Para grande surpresa, os mais clicados desta semana começam com um Brand New, Uami Dongadas. No segundo lugar ficou o filme Djon África de Miguel Moreira, seguido de Sob Pressão dos Mobbers. Na quarta posição temos a entrevista a Marinela Mendes sobre feminismo e, por fim, o “Hat Trick” de Mauro Pastrana.

1. Uami Ndongadas, a nova geração do rap em Angola

Prestes a atingir a maioridade, Uami Ndongadas nasceu e foi criado no Kinaxixi, em Luanda. Por altura do seu nascimento, em 2001, os SSP editavam o álbum Alfa, pela Vidisco.

Apesar ter nascido na mesma altura em que os angolanos cantavam “Chama Por Mim (Se Precisares)”, dos SSP, as referências musicais de Ndongadas são Heavy C e Anselmo Ralph.
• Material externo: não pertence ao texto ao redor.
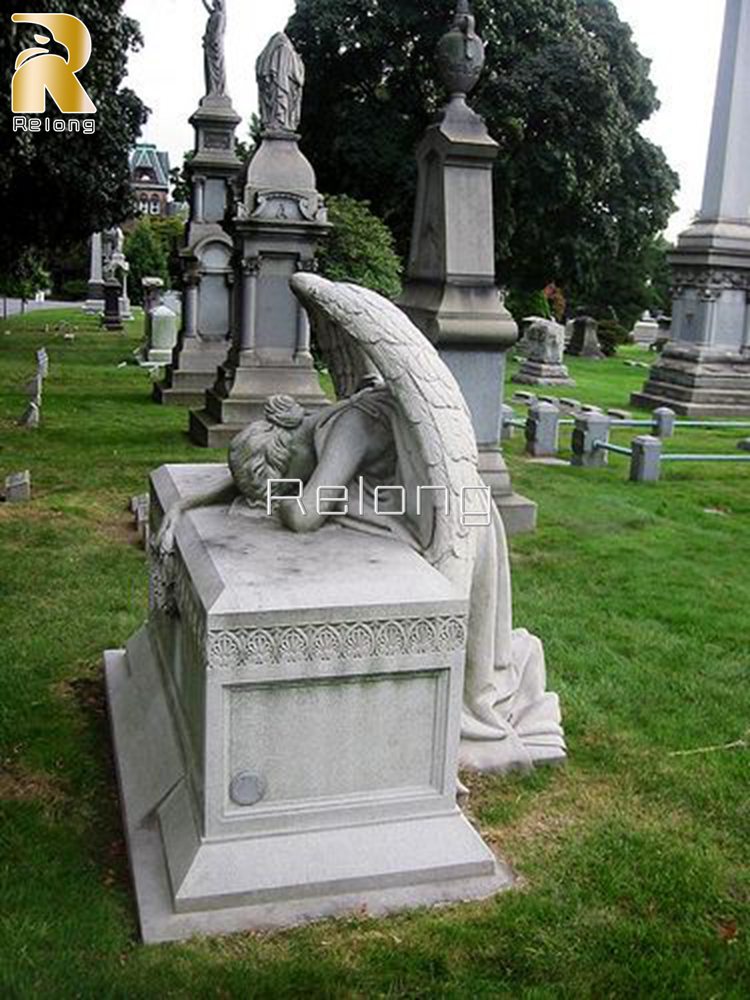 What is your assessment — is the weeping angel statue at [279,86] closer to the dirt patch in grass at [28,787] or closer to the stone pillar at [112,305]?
the dirt patch in grass at [28,787]

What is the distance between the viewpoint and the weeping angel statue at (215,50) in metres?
17.5

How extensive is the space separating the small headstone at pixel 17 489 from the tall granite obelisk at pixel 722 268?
1226 cm

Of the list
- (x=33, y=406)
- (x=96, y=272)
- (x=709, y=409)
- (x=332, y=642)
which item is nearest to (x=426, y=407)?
(x=332, y=642)

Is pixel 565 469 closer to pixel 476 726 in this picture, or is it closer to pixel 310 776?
pixel 476 726

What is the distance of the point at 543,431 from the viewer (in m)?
13.2

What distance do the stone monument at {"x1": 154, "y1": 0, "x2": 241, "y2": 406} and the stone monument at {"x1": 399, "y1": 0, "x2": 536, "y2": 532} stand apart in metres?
7.62

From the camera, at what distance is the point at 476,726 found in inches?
183

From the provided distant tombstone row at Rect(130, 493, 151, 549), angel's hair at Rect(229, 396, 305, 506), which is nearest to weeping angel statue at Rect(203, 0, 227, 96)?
distant tombstone row at Rect(130, 493, 151, 549)

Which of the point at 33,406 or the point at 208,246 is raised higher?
the point at 208,246

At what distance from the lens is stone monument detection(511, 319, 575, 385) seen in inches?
879

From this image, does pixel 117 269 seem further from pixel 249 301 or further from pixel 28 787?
pixel 28 787

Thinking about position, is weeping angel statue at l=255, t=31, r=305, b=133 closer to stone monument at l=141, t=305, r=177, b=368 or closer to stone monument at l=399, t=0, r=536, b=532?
stone monument at l=399, t=0, r=536, b=532

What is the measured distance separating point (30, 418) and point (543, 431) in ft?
21.8

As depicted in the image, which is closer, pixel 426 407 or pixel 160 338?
pixel 426 407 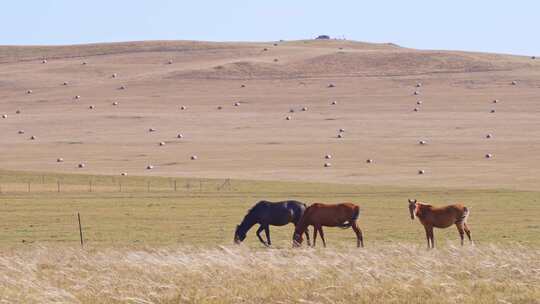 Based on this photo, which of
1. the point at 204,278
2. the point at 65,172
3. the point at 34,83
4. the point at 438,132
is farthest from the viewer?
the point at 34,83

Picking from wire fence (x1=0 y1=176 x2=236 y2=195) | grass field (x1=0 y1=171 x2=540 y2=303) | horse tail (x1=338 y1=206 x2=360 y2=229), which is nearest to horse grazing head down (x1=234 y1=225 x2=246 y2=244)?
grass field (x1=0 y1=171 x2=540 y2=303)

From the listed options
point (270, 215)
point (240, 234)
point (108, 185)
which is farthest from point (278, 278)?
point (108, 185)

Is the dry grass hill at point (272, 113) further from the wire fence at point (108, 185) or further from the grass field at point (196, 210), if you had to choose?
the grass field at point (196, 210)

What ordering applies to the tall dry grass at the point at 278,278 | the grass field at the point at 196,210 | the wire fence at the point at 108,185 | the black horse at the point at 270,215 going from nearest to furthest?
1. the tall dry grass at the point at 278,278
2. the black horse at the point at 270,215
3. the grass field at the point at 196,210
4. the wire fence at the point at 108,185

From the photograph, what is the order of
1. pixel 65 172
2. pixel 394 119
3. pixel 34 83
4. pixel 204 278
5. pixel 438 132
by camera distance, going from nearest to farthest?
pixel 204 278 → pixel 65 172 → pixel 438 132 → pixel 394 119 → pixel 34 83

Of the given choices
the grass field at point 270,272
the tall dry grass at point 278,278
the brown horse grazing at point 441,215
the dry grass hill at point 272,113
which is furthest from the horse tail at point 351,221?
the dry grass hill at point 272,113

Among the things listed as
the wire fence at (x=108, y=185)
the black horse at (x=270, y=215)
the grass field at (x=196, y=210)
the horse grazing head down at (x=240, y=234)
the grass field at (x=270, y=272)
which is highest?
the grass field at (x=270, y=272)

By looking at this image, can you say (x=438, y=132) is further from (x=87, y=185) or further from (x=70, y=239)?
(x=70, y=239)

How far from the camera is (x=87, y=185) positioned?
60.9 m

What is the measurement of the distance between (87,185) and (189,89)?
51616 millimetres

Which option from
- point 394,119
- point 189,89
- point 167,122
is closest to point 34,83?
point 189,89

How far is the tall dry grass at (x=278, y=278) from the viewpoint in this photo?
1545cm

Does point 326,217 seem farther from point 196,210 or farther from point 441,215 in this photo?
point 196,210

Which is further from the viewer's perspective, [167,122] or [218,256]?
[167,122] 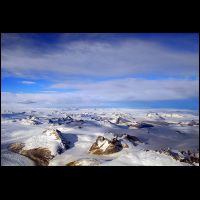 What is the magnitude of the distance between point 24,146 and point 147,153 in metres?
1.70

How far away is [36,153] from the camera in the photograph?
302 cm

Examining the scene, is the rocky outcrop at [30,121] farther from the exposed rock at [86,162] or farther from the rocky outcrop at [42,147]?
the exposed rock at [86,162]

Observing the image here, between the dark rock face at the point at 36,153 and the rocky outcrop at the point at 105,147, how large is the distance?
22.2 inches

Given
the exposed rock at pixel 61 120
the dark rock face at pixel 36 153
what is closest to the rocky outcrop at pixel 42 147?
the dark rock face at pixel 36 153

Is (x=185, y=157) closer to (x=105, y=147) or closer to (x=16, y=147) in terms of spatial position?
(x=105, y=147)

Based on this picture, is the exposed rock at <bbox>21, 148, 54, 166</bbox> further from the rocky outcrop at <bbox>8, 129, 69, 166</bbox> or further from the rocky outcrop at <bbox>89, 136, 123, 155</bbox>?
the rocky outcrop at <bbox>89, 136, 123, 155</bbox>

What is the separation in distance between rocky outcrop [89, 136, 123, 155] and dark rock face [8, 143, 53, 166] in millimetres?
565

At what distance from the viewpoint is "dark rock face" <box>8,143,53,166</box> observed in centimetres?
281

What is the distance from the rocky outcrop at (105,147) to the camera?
9.67 feet

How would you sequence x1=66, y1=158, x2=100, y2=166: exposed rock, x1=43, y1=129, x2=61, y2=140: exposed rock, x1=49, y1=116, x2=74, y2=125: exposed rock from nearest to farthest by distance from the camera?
x1=66, y1=158, x2=100, y2=166: exposed rock → x1=43, y1=129, x2=61, y2=140: exposed rock → x1=49, y1=116, x2=74, y2=125: exposed rock

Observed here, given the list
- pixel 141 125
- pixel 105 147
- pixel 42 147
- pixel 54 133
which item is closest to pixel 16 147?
pixel 42 147

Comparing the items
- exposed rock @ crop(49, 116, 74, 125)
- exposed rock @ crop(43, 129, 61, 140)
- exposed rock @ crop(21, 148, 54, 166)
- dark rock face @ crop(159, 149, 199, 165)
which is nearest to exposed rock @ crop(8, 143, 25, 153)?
exposed rock @ crop(21, 148, 54, 166) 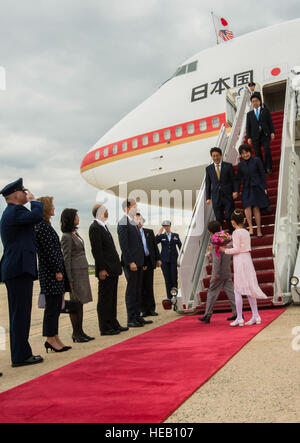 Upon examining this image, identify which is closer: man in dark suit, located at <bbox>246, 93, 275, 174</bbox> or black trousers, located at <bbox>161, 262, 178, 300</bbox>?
man in dark suit, located at <bbox>246, 93, 275, 174</bbox>

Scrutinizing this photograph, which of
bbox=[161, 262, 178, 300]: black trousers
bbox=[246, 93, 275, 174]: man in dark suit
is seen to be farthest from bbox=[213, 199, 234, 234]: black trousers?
bbox=[161, 262, 178, 300]: black trousers

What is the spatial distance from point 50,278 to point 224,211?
3191 mm

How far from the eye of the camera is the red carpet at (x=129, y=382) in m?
2.12

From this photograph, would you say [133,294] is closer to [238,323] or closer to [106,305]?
[106,305]

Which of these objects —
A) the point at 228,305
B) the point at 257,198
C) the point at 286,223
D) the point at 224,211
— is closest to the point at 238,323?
the point at 228,305

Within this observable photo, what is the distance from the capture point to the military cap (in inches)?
142

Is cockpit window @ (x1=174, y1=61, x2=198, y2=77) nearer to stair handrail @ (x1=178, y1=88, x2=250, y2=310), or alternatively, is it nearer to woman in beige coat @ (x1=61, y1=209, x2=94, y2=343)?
stair handrail @ (x1=178, y1=88, x2=250, y2=310)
Porque sempre foram referências no mercado angolano e mesmo depois com o surgimento de muitos outros artistas talentosos continuou a vê-los as suas referências de base.

2. Djon África, a descoberta de si, das suas origens e do seu pai

Não tem terra, anda por aqui e por ali. A avó foi quem o criou – não teve pai -, partiu rumo a Cabo-Verde para se descobrir a ele mesmo e às suas origens e saber quem foi o seu progenitor. É esta história de Miguel Moreira em Djon África, uma longa-metragem de João Miller Guerra e Filipa Reis, um retrato da sua vida que estreou esta quarta-feira nos cinemas, em Portugal.

3. Mobbers prontos para mostrar os resultados “Sob Pressão”

Sob Pressão é o título da primeira obra discográfica dos Mobbers. O grupo angolano sob alçada da Clé Entertainment anunciou a venda do novo álbum para 8 de dezembro na tradicional Praça da Independência.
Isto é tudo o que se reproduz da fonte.